Opener 'Neverevereverdid' (its title suggesting exactly the ebullient, joyously excitable nine-year-old rush of the track), we've already tried to describe, and probably failed to express quite how wonderful it makes us feel. 'The Cemetery' begins with a calypso that suggests some of the more danceable synth tracks from '69 Love Songs', before a head-buzzing, schizophrenic ska pop tune breaks into a low, squelching burst of confusing, fast-delivered verbal imagery. It flips into 'oh-woah's, then into a slapstick vocal interplay reminiscent of the Unicorns before a volte-face to the ska-pop again, suddenly ending with us completely reeling, breathless and happy to hit repeat. There's a persistent 'Amelie' feel to the whole endeavour, a notion that you've just witnessed the most touching and hilarious scene of two very pretty teenagers losing their virginity tentatively, fumblingly and with complete satisfaction on both parts; which, in a way, is exactly the relationship between band and listener. The album never lags or grates, despite a definite potential to do so. That each song contains more ideas, hooks, tunes, highs and lows than the best of most bands' entire albums sees to that, every new track complete involving and epic in its own fleeting, fluid way. Shifts never seem jarring or out of place, and rather the dynamic changes themselves often contain the most pleasurable, satisfying and involving moments of 'In Case We Die'.
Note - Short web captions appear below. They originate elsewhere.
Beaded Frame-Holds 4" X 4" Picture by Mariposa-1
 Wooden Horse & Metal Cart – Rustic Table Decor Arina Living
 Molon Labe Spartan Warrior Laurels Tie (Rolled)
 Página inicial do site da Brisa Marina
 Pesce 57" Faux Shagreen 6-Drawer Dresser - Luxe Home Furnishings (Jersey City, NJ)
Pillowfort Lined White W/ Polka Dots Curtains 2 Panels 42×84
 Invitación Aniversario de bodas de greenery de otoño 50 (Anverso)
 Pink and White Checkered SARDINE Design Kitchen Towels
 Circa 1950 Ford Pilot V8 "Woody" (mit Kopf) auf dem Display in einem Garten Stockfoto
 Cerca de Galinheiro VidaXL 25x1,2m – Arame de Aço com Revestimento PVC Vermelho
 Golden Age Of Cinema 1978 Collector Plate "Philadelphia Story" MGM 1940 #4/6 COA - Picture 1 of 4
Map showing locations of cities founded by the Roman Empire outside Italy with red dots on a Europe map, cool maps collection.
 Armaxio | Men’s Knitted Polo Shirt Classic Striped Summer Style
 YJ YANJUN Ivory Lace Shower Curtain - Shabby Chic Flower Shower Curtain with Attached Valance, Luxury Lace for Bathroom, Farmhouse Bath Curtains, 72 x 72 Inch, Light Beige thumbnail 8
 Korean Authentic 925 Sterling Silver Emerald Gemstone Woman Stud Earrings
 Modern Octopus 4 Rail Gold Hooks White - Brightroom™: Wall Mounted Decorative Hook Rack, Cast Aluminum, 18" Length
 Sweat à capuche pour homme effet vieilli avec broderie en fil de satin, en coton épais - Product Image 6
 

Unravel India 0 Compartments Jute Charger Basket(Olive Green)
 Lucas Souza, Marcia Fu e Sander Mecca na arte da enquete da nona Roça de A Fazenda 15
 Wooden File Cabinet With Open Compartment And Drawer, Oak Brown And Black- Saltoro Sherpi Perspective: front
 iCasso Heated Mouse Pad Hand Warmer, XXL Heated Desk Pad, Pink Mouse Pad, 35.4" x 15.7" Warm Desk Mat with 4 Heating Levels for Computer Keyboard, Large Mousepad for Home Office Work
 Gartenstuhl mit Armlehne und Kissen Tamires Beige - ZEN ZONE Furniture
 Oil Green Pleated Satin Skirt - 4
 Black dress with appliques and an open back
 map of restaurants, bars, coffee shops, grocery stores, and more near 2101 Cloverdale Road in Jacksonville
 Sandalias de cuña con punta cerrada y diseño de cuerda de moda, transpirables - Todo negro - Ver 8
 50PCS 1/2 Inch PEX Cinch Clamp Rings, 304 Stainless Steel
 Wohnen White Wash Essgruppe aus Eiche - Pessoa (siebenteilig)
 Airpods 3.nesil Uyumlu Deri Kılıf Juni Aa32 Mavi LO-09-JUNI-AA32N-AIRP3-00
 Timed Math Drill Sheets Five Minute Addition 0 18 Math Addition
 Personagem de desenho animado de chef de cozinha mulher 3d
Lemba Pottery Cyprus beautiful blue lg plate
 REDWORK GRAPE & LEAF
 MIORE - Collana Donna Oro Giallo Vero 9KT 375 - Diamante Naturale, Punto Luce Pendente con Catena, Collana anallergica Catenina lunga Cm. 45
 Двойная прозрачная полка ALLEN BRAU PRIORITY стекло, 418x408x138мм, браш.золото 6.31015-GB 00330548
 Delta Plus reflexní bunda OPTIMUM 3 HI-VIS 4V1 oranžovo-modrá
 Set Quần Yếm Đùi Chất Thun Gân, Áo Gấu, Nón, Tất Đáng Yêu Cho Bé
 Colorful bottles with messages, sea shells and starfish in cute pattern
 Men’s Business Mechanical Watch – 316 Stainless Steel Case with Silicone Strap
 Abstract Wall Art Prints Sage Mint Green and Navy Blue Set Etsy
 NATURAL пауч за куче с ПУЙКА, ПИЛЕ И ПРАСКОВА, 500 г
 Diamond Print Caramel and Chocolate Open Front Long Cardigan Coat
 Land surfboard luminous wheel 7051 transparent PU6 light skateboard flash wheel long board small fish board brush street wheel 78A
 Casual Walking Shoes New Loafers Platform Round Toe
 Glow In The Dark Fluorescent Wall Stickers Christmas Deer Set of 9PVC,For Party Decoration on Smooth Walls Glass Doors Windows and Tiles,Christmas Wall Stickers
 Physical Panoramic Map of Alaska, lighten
Whilst the album always feels completely cohesive and consistent, it never seems to repeat itself. Nor does it feel like the vision of a single individual, as with Stephen Merritt's works. Architecture in Helsinki's greatest achievement is that they give the impression of a wide, disparate but focussed collective, whose many ideas are collected together and shaped with an agreed, egalitarian direction. It's closer to the Arcade Fire or the Fiery Furnaces, but without the more grounded, earthy rock feel of those bands. Rather, songs hang in the air with a brilliantly delicate and fragile whimsy that is never, ever tiresome. It's an evocative gem that gives the impression that across the world, every Ritalin-munching primary school disco has kids dancing around giddily to this and only this while eating Love Hearts with LSD in them.
'In Case We Die's genius is that it makes you forget that it is unique. Drawing upon so many influences from pop's history, you briefly believe that the charts are filled with music like it, that this is commonplace. It is very much not commonplace - and be grateful for it. If it were, the world would be insane; it would skip around hand in hand with the moon on green, rolling hills. That kind of thing should be an exceptional occasion, one to be replayed over and over, to be reflected upon and savoured. It could never be commonplace, but it'd always be pretty f**king special. Like 'In Case We Die'.